Major trauma care in Ireland lags behind a lot of its western contemporaries (think UK, Aus/NZ and the US). We have 28 hospitals receiving major trauma (for a population of 4.5 million). We do not have a trauma system. We compare fairly poorly to our contemporaries who do have trauma systems. Not wanting to make hysterical and headline grabbing claims here but it seems a perfectly reasonable thing to say that people are dying in Ireland due to a lack of a trauma system, never mind the increased long term disability that comes from poor trauma care.
Trauma in Ireland is finally beginning to get a little bit of attention. We have joined TARN and the major overhaul in trauma care across the water in the UK has got us shifting rather nervously in our seats as to what might happen here.
The Irish Association for Emergency Medicine (for whom I have no formal position, apart from being a member) has just published its position paper on trauma care in Ireland and it’s well worth a read.
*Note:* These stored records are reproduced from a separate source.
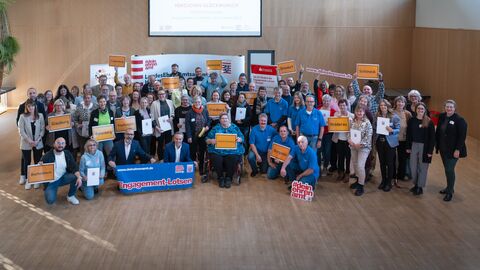 Viele Menschen mit Ortsschildern und Plakat "Engagement-Lotsen".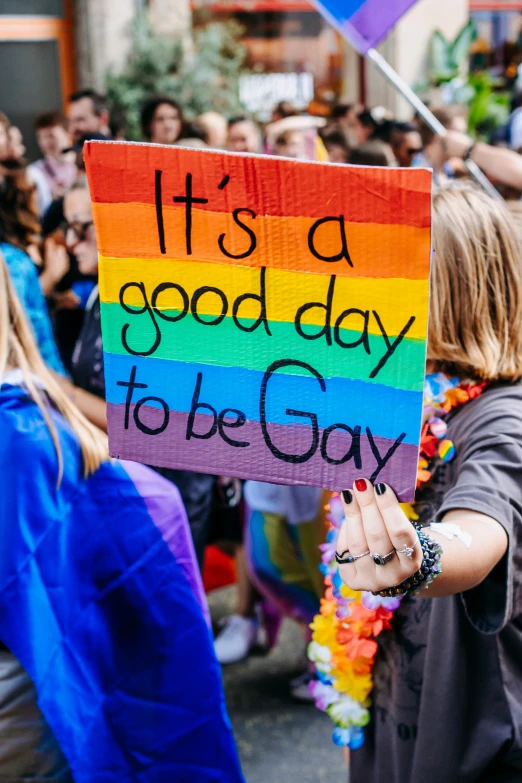 a woman is holding up a sign that says it's a good day to be gay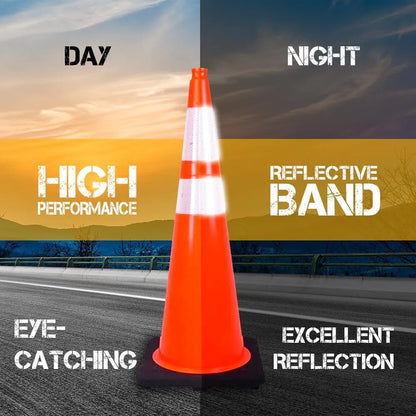 Orange traffic cone with reflective band on a road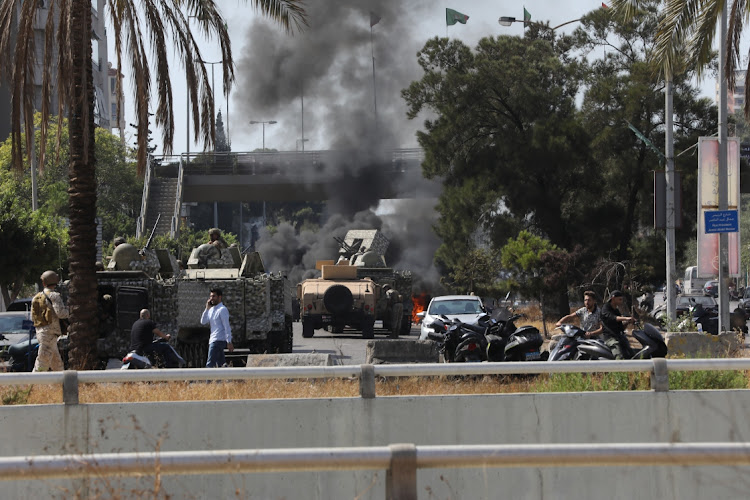 Fires broke out during fierce gun battles during a protest in Beirut, Lebanon, October 14 2021. Picture: MARWAN TAHTAH/GETTY IMAGES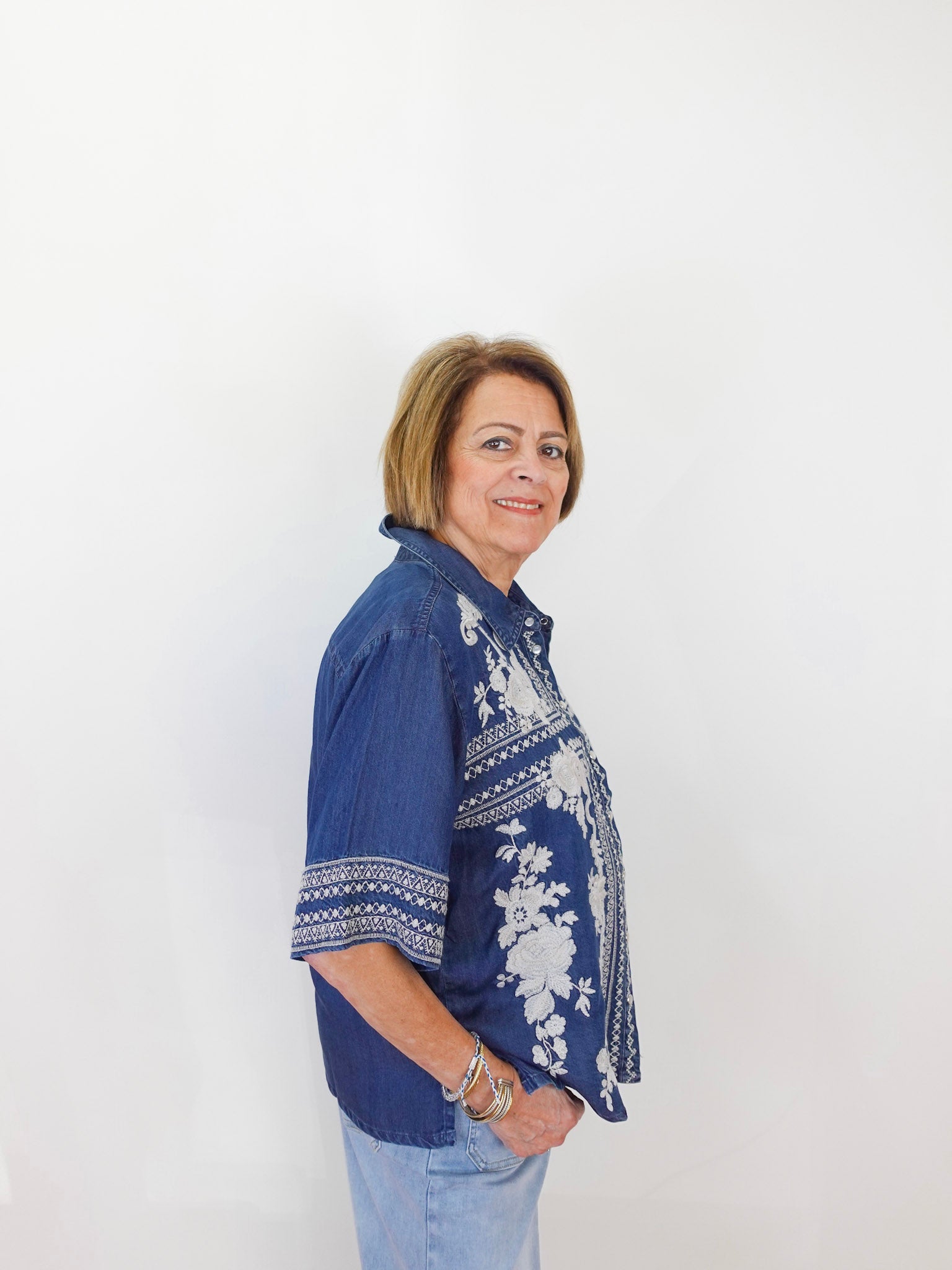 Woman wearing a blue embroidered shirt against a white background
It says a lot of very sensible things about the political hot potato of reconfiguration and the steps needed to produce a significant trauma system. There is of course a phenomenal amount of work ahead of us and this is only a started, if we want to develop advanced trauma care in Ireland. From an EM point of view there seems to be lots of interest (especially amongst the trainees and the recent consultants) but of course we have about 1/3 of the EM consultants here than they do say in Victoria, Australia so we can be as interested and as enthusiastic as we want we can’t fix it alone. There appears to be (though please correct me if I’m wrong) little interest in the surgical community. I recently met one of the advanced surgical trainees whose passion is trauma surgery. He couldn’t identify a single colleague in training who shared his interest.
Have a read at the paper and see what you think, discussion is always welcome.